Almost one year. Yes, I know…I have been beyond neglectful. However, I was extraordinarily well brought up, and I believe the honoured mantra that if you don’t have anything nice to say, than don’t say anything at all. I submit this mantra as my reason for having been missing in action since the summer/fall of last year.
Needless to say, life has done a little boogie and manage to rearrange itself in a very different way than I was talking about it a year ago. I might as well get it out-of-the-way; I have about 40 days left as a dancer with Les Ballets de Monte-Carlo. Remember? The place that I said that I was really and truly happy with, and the family that I said I had found? Believe me, I’m very much aware of how ridiculous this whole thing sounds to any observer, but believe me when I say that I know beyond the shadow of a doubt that this is the way things are supposed to happen.
I suppose you must be wondering what on Earth could have managed to pull me away from the job that I had gushed about for two years. To be frank, it is nothing new, and as a matter of fact, if I look back on my child and teenage years, this should really have come as no surprise to me: the place where my love affair with lights, costumes, and applause began: Musical Theatre.
I was a child of the theatre from a very early age, as a matter of fact, my first stage appearance was at the age of three in a production of “Annie” with the Nova Scotia Drama League. I mention this particular production not only because it was my first time on stage, but there is a story surrounding the show that has become a staple family legend for the Parsons’. It is also a moment that I distinctly remember and can still see it through my three-year old eyes as if it happened yesterday. At the end of the show, the cast made their curtain calls, as happens the world over. We come on, bow, audience applauds, we leave, band plays exit music. The formula is unchanged no matter what show you are attending the world over. One evening however, one little boy, dressed as a homeless apple seller, was so busy looking out at the audience and trying to find his babysitter that he knew was supposed to be watching that night, that he just stood on the edge of the stage. Alone. Lights going down, the rest of the cast exiting. Still alone. Finally, someone calls him from the wings, and he snaps out of his trance and quickly runs off, realizing that he has been standing there all alone for some time.

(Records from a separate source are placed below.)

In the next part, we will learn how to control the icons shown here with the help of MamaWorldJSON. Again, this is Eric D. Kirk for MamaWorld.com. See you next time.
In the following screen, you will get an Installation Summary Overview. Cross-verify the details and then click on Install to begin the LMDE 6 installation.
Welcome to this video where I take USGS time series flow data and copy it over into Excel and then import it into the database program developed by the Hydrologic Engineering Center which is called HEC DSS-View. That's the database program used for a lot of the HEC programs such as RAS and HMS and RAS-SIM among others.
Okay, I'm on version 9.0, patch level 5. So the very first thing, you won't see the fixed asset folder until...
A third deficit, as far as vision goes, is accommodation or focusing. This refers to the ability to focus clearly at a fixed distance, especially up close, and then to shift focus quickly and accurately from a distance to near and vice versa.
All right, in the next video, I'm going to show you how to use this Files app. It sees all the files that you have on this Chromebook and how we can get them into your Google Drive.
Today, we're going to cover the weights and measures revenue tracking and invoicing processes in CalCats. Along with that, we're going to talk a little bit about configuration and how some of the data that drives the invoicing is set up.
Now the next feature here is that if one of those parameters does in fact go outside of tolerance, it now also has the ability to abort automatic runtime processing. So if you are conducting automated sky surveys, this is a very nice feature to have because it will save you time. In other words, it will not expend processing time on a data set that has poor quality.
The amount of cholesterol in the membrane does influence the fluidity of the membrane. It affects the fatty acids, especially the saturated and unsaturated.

In case you couldn’t guess by my ever-so-subtle storytelling…that little boy was me. I only appeared in two scenes in the whole show, and was basically the theatrical equivalent of an extra in a film…However I did insist on singing along to “We ‘d Like To Thank You,” even though nobody told me to. Perhaps the word singing is a bit strong, but you can still see me mouthing along when you watch the video. Though, why a three-year old found a sarcastically witty song about President Hoover sung by a bunch of homeless people entertaining, I have no idea. After that, I really got into the musical theatre, and that was actually the reason that I even started taking ballet in the first place: after having to dance while playing a munchkin in The Wizard of Oz. For several years, I went to summer theatre courses, did children’s production (including a star turn as Wilbur, the pig in Charlotte’s Web!), and took regular singing lessons; I even appeared as the lead in the operetta “Amahl and the Night Visitors”!

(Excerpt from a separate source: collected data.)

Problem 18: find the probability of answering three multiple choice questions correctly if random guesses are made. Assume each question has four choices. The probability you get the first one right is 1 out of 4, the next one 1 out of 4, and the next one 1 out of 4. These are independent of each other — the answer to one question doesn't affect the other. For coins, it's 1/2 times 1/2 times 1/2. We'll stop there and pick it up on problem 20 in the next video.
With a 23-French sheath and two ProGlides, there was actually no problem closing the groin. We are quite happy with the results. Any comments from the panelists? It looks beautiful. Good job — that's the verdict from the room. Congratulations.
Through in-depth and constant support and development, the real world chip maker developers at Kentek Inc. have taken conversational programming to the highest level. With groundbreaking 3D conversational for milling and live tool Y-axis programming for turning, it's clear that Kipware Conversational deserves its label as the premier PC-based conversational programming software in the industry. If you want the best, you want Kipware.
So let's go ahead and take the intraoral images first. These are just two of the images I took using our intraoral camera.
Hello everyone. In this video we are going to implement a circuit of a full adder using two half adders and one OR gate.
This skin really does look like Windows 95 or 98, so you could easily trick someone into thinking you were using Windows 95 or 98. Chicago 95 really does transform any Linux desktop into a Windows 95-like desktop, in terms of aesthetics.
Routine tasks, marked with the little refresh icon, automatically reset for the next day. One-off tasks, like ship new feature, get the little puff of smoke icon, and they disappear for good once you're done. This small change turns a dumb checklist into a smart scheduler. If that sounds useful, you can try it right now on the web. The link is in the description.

Even while I was away at ballet school, one of my most enjoyable times of the year was every February when we would produce “Music Night.” Music Night is basically a two-hour show put together by the music teacher at the school (which at the time had a fantastic music program). The school really believed that a proper music education was incredibly important to ballet dancers, even though I know there are many dancers who don’t agree with needing to understand music theory, and they couldn’t be more wrong (or aggravating to me: you cannot put the “1” wherever you want!!) But I digress. It was a fully staged evening of musical numbers centered around a theme: we had “Tin Pan Alley” one year, to “Global Rhythm” another. The big kicker though was the year I graduated and we did the most broad theme ever “Bound for Broadway”, which was basically just a no holds barred celebration of Broadway music, with properly choreographed numbers by a teacher at the school who had actually been in some of the shows we excerpted from!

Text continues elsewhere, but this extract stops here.